Presque chaque produit de l’ICC est une innovation pour laquelle la demande n’est pas encore exprimée. Henry Ford, pionnier de l’industrie automobile, a déclaré : «Si j’avais demandé à mes clients ce qu’ils voulaient, ils auraient répondu un cheval plus rapide». Les entreprises culturelles peuvent réaliser des études de marché, mais la réaction à leurs produits reste très imprévisible, plus que dans d’autres secteurs. Le revers de la médaille est que les produits des ICC ont également la capacité de créer leur propre demande.
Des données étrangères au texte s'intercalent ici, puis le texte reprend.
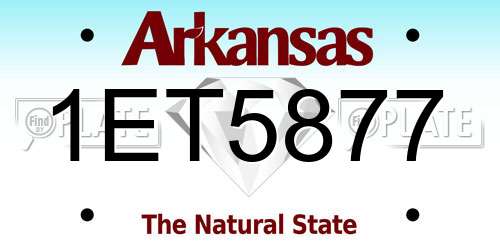 1ET5877 Arkansas License Plate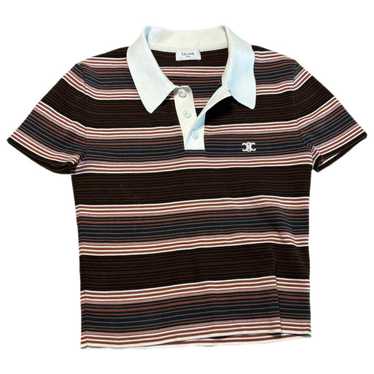 【Celine】90s Italy patterned polo shirt VINTAGE CELINE HOMME MONOGRAM HORSE LONG SLEEVES POLO SHIRT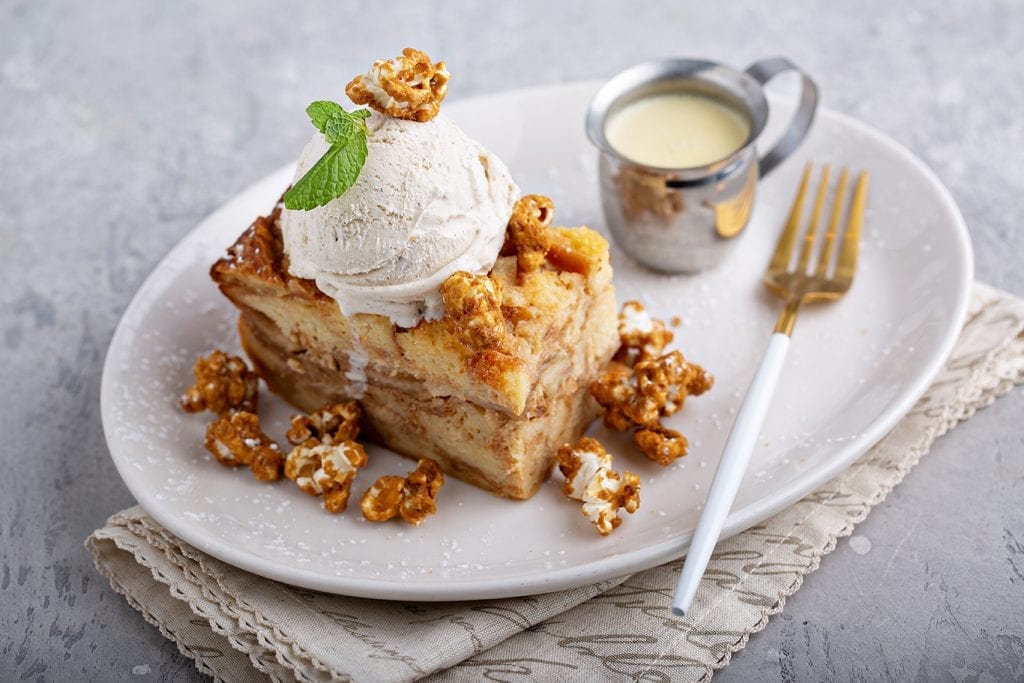 Easy Caramel Apple Bread Pudding Recipe, apple cinnamon bread pudding with vanilla ice cream and caramel syrup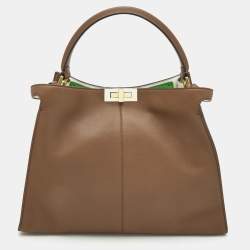 Pre Owned Fendi Brown Leather Large X Lite Peekaboo Top Handle Bag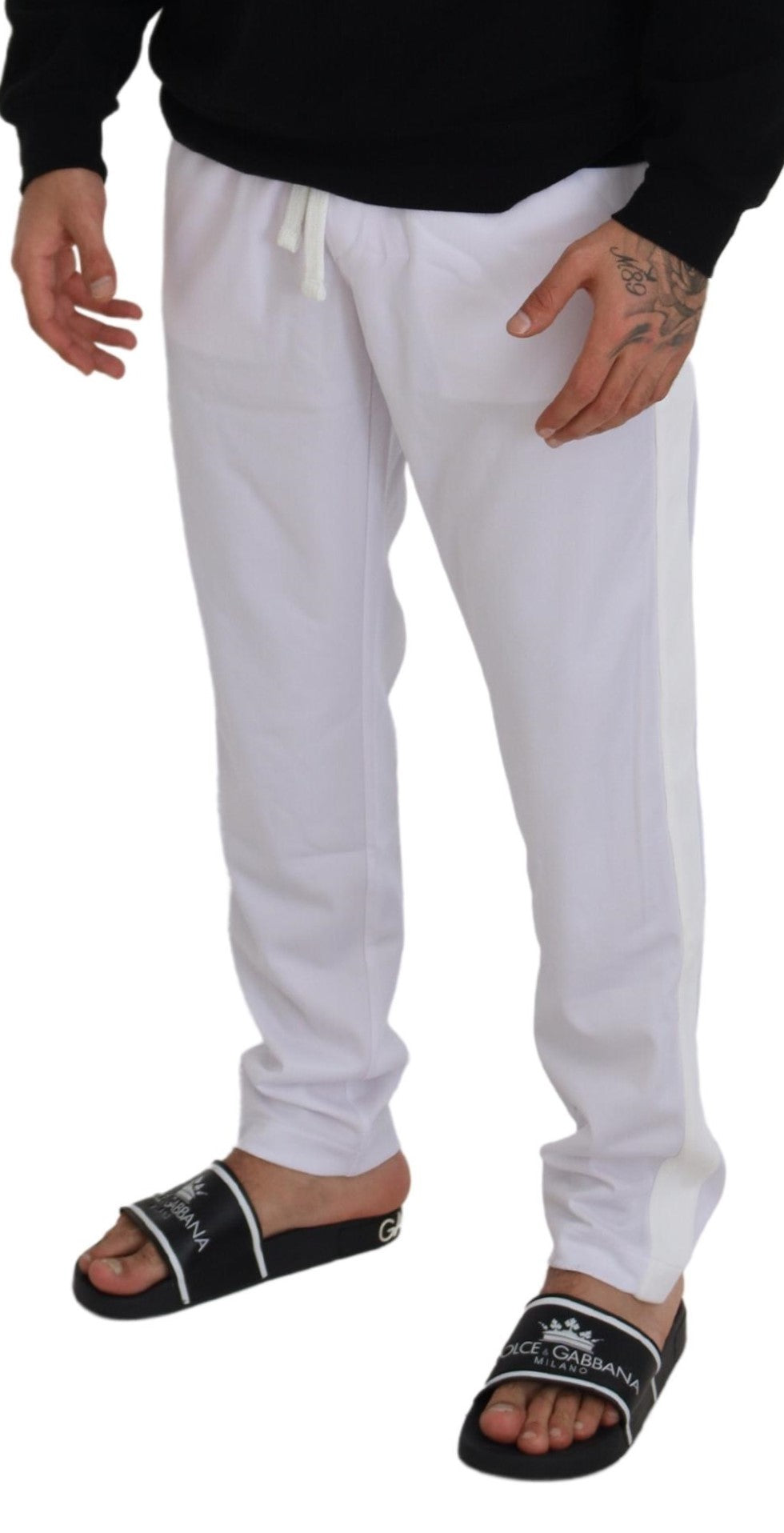 Dolce & Gabbana White Polyester Crown Logo Jogger Pants Dolce & Gabbana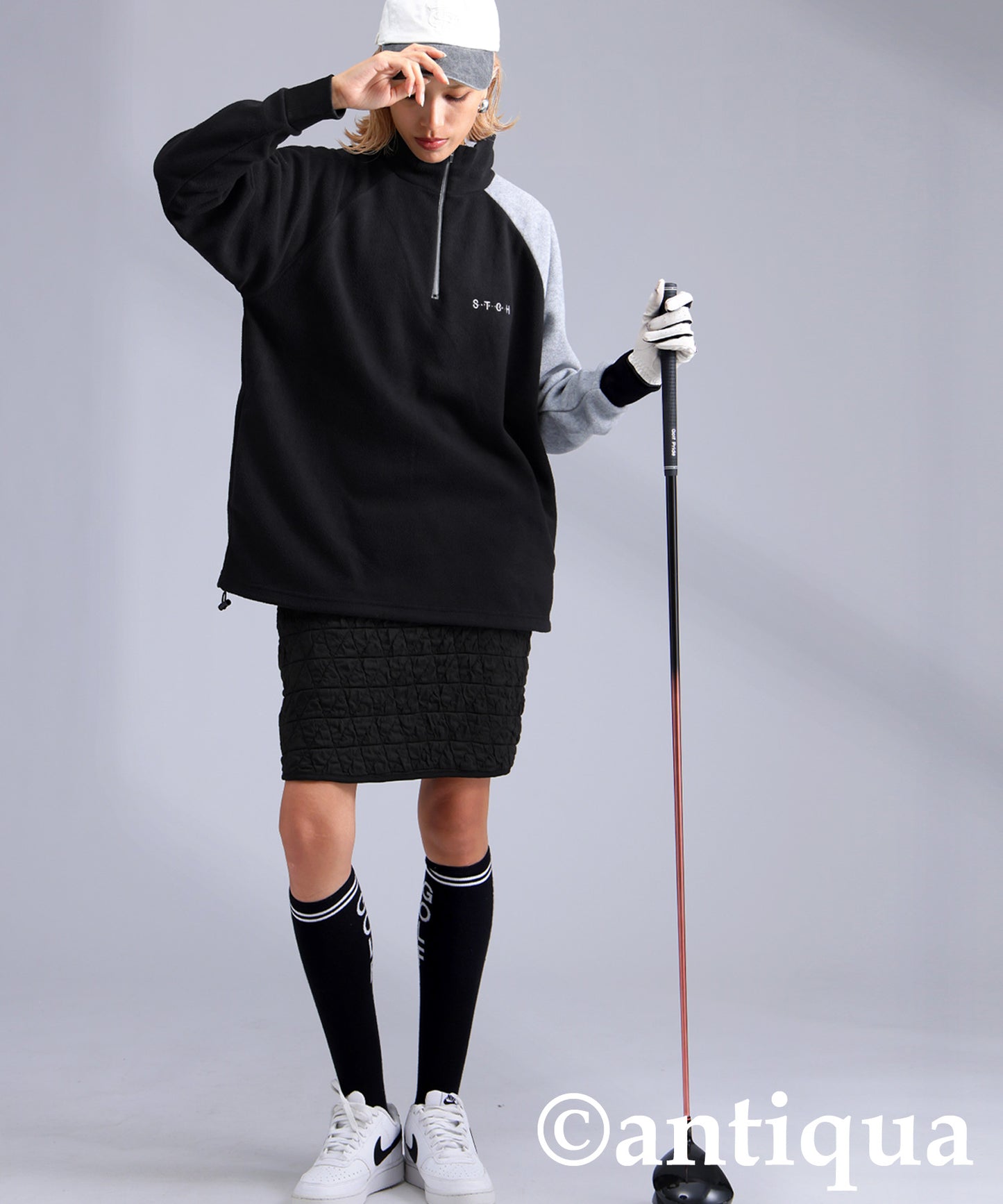 ANTIQUA GOLF×STCH Color-Coordinated Fleece Top Ladies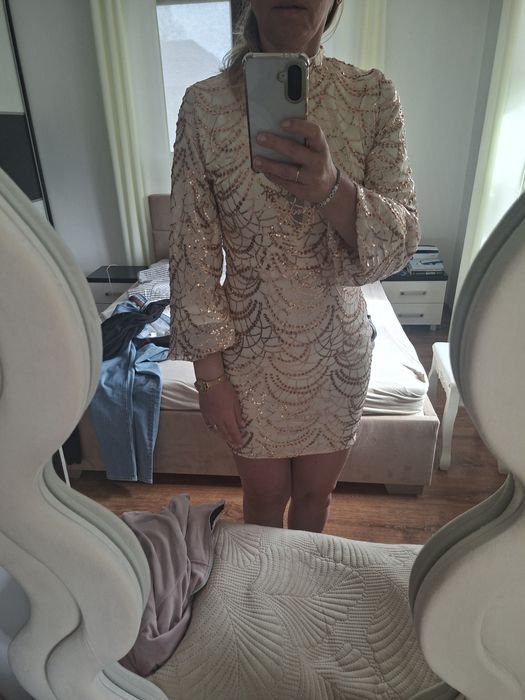 Nowa sukienka złota  M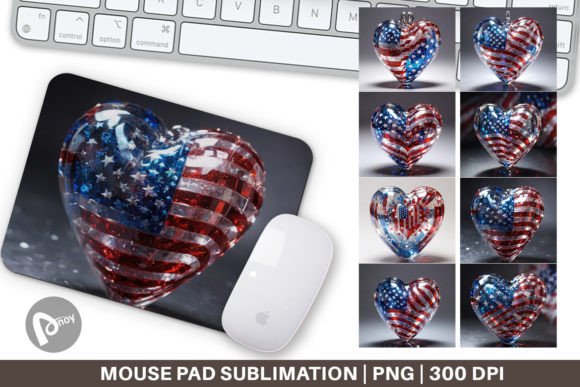 Mouse Pad Glass Heart Patriotic: A Sublimation Design That Redefines Desktop Identity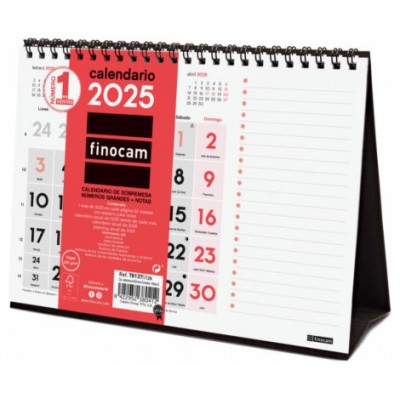 CALENDARIO 2025 SOBREMESA NEUTRO NUMEROS GRANDES+NOTAS S 210X150MM FINOCAM 781370025 (Espera 4 dias)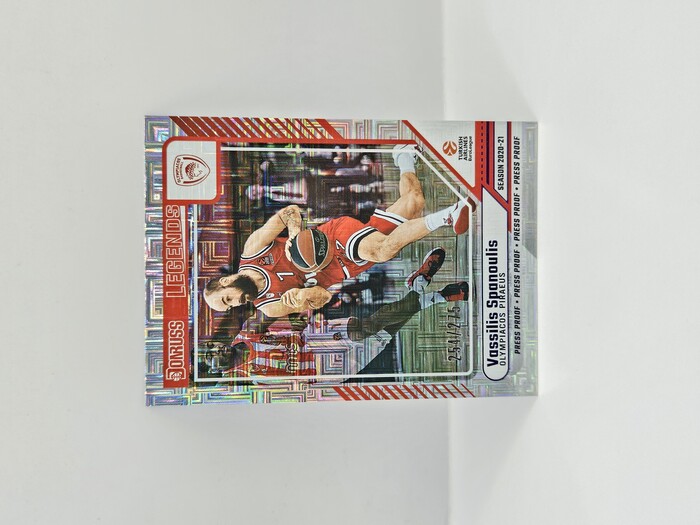 2024-25 PANINI DONRUSS EUROLEAGUE OLYMPIACOS VASSILIS SPANOULIS PURPLE PRESS PROOF 254/275
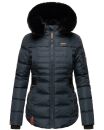 Navahoo Melikaa Damen Winterjacke gefüttert Steppjacke mit Kapuze B844 Navy-Gr.S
Lorsqu’un créateur de mode lance une toute nouvelle coupe, cela peut potentiellement créer une demande pour un modèle qui n’existait pas auparavant.

Le défi

Le secteur des ICC peut être caractérisé comme une industrie produisant des prototypes. D’importants coûts de production sont engagés avant qu’un produit ne soit mis sur le marché. Le processus de création peut nécessiter un grand nombre d’»échecs», qui n’aboutissent même pas sur le marché. À Hollywood, par exemple, on estime qu’environ 50 000 scénarios sont enregistrés chaque année. Pourtant, les États-Unis ne sortent qu’environ 700 films par an, dont seulement 50 % environ sont rentables . Les entreprises culturelles doivent être en mesure de déployer un portefeuille de projets, afin que les succès puissent amortir les pertes financières liées aux échecs et au développement inabouti des produits.

L’opportunité

La primauté de l’offre sur la demande permet aux entreprises culturelles et aux autres acteurs culturels de façonner de manière proactive les goûts des consommateurs. Les goûts du public se développent en fonction de l’offre, et il est parfois nécessaire d’éduquer le public pour faire évoluer des goûts déjà bien ancrés. Une fois les nouveaux goûts établis, les marchés peuvent se développer de manière spectaculaire. La Chine constitue aujourd’hui l’un des plus grands marchés de l’art au monde, y compris pour les peintures. Pourtant, il y a plusieurs décennies, la Chine n’avait pas une culture de la peinture dans les arts visuels. L’activité des galeries et des musées privés a contribué à créer un goût pour les peintures qui aujourd’hui se vendent très bien, aux côtés des antiquités et des dessins chinois.

L’HYBRIDITÉ DES ICC

L’enjeu

Un entrepreneur du secteur des ICC n’est rarement guidé que par des motivations économiques. Les motivations artistiques peuvent jouer un rôle important dans la gestion de l’entreprise, tout comme les motivations sociales. L’hybridité des motivations est souvent une force qui alimente la résilience et la créativité, mais elle peut aussi entraîner des pièges du point de vue commercial.

Le défi

Un déséquilibre dans les motivations peut conduire les entrepreneurs des ICC à négliger l’aspect commercial de leur entreprise, en particulier les questions essentielles que sont le marketing, les prévisions financières et les questions juridiques, ce qui peut entraîner de mauvaises performances commerciales. Ce déséquilibre peut également se produire à un niveau macro. Pendant de nombreuses années, les secteurs culturels dans les pays africains se sont concentrés sur les fonctions de création et de production de la chaîne de valeur. Dans les industries cinématographiques francophones, jusqu’aux années 2000, les considérations artistiques primaient dans les décisions sur ce qui devait être produit. Ces pays ont acquis une réputation de haute qualité, mais ont eu une faible production et encore plus faible génération des recettes. Les acteurs publics, comme privés, ont négligé les questions de distribution.

L’opportunité

C’est l’hybridité des motivations qui permet aux entreprises culturelles d’avoir un impact sociétal aussi large. Une maison d’édition peut avoir l’ambition de renforcer l’estime de soi d’enfants qui n’ont pas l’habitude de se voir dans les médias. Une maison de mode peut faire revivre des techniques de teinture dévalorisées et offrir de nouvelles opportunités économiques à des teinturières marginalisées. Une société de production cinématographique peut avoir pour ambition de réaliser des films poétiques qui modifient le discours sur le changement climatique. S’assurer que ces ambitions sont soutenues par un cadre commercial solide permet de les rendre viables.